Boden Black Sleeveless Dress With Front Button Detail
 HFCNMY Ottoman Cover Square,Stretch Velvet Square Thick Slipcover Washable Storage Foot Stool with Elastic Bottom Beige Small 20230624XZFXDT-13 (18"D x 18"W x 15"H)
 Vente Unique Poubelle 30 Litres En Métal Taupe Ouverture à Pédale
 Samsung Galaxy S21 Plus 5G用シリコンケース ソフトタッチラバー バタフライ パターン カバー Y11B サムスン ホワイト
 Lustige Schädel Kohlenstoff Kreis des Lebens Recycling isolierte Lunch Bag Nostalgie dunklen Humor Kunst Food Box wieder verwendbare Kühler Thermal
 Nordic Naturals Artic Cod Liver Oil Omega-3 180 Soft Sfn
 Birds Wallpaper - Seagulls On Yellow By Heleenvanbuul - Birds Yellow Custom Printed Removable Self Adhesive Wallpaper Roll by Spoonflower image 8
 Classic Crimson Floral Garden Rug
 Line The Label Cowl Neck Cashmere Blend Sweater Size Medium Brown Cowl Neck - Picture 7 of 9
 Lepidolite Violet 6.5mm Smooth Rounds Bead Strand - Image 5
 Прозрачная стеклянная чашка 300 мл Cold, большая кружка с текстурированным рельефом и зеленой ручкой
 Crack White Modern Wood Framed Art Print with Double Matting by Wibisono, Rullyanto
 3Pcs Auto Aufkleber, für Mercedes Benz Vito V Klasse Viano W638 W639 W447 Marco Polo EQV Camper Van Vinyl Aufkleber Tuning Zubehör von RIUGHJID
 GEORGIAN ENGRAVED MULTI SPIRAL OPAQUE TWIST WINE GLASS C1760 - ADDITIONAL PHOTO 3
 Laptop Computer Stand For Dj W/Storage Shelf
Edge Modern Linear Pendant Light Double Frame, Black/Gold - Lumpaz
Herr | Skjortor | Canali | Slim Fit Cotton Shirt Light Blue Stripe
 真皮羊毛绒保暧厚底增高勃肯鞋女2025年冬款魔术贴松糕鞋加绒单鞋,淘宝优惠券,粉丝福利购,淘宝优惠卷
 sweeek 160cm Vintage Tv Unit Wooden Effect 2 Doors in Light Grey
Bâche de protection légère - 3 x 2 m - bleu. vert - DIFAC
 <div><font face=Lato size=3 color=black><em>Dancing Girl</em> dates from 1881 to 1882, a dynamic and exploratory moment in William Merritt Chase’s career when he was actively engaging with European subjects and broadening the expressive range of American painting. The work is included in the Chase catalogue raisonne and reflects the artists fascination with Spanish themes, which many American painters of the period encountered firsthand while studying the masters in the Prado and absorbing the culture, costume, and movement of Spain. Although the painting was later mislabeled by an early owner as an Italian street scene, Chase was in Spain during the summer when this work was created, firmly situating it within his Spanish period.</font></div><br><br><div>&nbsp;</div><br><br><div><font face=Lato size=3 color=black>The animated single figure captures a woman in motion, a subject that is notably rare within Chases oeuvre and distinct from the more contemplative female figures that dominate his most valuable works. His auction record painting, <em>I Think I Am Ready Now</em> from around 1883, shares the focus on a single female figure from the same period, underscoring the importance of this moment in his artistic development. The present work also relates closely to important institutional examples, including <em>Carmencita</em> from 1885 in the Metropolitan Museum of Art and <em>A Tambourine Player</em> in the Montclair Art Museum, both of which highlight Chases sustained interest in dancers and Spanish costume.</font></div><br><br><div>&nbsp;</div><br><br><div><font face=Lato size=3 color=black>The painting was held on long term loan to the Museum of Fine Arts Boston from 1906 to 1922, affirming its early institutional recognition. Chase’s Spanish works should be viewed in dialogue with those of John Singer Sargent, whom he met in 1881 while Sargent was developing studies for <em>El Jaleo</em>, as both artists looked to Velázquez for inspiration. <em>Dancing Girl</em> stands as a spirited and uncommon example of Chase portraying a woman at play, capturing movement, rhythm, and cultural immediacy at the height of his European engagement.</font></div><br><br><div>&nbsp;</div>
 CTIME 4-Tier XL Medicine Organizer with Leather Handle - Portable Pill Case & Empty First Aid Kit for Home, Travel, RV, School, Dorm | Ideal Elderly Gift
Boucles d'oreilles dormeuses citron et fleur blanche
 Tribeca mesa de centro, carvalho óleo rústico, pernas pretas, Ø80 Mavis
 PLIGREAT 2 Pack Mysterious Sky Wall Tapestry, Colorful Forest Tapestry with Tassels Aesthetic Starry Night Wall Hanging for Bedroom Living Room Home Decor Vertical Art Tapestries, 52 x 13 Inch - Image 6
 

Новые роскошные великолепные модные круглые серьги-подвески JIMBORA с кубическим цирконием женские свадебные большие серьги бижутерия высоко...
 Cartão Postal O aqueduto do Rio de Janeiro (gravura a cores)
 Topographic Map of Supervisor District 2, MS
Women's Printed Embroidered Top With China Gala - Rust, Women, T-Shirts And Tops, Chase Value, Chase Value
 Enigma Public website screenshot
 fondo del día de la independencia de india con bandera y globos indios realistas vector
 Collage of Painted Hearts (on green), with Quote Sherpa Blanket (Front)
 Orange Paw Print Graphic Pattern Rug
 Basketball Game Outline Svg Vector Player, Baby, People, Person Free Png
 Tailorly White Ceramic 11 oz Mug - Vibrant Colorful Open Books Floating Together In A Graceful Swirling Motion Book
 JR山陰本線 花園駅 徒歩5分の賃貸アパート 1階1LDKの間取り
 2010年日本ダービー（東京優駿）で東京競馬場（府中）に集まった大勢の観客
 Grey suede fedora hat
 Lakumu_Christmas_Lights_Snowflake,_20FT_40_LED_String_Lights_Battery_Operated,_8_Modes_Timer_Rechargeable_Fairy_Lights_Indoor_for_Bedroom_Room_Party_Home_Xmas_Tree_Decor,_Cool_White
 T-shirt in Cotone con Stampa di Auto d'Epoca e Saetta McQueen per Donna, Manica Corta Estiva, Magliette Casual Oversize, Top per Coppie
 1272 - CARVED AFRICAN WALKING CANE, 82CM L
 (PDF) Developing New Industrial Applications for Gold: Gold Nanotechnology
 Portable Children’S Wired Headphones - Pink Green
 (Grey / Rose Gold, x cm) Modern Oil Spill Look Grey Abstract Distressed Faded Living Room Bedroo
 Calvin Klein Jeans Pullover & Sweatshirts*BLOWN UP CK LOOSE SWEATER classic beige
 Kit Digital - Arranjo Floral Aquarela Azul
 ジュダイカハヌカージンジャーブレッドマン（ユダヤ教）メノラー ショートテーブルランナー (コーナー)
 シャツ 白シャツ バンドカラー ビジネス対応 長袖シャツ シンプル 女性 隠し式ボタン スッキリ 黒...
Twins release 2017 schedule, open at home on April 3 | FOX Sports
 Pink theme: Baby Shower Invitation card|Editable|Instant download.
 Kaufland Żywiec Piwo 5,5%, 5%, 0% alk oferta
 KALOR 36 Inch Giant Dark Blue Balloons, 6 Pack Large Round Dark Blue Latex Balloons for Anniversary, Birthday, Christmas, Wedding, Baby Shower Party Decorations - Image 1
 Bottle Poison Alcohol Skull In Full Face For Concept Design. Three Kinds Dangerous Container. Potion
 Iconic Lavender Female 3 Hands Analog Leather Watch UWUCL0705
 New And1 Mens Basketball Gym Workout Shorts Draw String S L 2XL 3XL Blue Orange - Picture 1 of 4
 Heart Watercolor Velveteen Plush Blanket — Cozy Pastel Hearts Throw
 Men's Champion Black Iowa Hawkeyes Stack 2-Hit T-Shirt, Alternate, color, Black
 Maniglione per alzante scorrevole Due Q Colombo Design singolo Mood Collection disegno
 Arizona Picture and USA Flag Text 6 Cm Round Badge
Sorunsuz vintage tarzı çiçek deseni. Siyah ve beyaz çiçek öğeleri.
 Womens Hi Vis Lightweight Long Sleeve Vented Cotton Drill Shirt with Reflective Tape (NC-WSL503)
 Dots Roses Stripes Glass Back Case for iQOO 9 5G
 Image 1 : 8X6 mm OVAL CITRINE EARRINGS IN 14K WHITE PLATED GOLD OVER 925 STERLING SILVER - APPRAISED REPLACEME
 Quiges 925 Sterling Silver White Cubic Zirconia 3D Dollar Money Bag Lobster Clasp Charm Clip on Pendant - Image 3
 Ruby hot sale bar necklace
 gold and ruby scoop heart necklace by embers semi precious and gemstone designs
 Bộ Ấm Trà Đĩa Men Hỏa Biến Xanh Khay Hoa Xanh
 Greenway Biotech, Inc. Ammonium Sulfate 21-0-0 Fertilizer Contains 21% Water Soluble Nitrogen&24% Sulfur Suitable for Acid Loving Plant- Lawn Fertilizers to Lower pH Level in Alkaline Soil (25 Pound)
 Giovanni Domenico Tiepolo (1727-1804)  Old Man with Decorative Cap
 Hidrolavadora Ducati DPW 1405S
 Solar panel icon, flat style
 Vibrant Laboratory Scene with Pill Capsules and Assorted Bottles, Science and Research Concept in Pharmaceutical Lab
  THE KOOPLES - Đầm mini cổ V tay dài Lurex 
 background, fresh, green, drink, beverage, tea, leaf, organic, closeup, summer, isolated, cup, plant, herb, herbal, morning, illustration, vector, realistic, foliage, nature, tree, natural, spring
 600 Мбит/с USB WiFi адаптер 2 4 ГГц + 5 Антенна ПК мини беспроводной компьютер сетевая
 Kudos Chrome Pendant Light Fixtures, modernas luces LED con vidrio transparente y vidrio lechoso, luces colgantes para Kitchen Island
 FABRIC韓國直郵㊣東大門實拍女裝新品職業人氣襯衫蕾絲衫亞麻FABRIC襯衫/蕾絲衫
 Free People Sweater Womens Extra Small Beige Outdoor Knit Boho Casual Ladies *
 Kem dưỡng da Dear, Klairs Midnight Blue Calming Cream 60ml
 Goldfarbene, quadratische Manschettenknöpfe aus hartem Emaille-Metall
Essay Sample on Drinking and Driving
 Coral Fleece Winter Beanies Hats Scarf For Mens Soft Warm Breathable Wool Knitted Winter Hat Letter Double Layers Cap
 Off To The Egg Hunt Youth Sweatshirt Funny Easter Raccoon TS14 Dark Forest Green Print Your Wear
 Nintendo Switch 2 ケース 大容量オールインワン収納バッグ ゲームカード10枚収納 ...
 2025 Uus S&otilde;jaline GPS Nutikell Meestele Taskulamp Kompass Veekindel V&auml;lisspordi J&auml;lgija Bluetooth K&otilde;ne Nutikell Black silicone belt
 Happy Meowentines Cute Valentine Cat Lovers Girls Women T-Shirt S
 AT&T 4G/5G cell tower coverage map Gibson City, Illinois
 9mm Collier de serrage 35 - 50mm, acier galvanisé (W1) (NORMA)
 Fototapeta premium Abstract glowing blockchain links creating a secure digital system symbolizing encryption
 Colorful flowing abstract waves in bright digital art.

────────

# AIM OF THE EXERCISE:
Set down, from the entries above, exactly the lines from the one with "2010年日本ダービー（東京優駿）で東京競馬場（府中）に集まった大勢の観客" up to and including the one with "Twins release 2017", and no other lines.

# PROBLEM SOLUTION:
 2010年日本ダービー（東京優駿）で東京競馬場（府中）に集まった大勢の観客
 Grey suede fedora hat
 Lakumu_Christmas_Lights_Snowflake,_20FT_40_LED_String_Lights_Battery_Operated,_8_Modes_Timer_Rechargeable_Fairy_Lights_Indoor_for_Bedroom_Room_Party_Home_Xmas_Tree_Decor,_Cool_White
 T-shirt in Cotone con Stampa di Auto d'Epoca e Saetta McQueen per Donna, Manica Corta Estiva, Magliette Casual Oversize, Top per Coppie
 1272 - CARVED AFRICAN WALKING CANE, 82CM L
 (PDF) Developing New Industrial Applications for Gold: Gold Nanotechnology
 Portable Children’S Wired Headphones - Pink Green
 (Grey / Rose Gold, x cm) Modern Oil Spill Look Grey Abstract Distressed Faded Living Room Bedroo
 Calvin Klein Jeans Pullover & Sweatshirts*BLOWN UP CK LOOSE SWEATER classic beige
 Kit Digital - Arranjo Floral Aquarela Azul
 ジュダイカハヌカージンジャーブレッドマン（ユダヤ教）メノラー ショートテーブルランナー (コーナー)
 シャツ 白シャツ バンドカラー ビジネス対応 長袖シャツ シンプル 女性 隠し式ボタン スッキリ 黒...
Twins release 2017 schedule, open at home on April 3 | FOX Sports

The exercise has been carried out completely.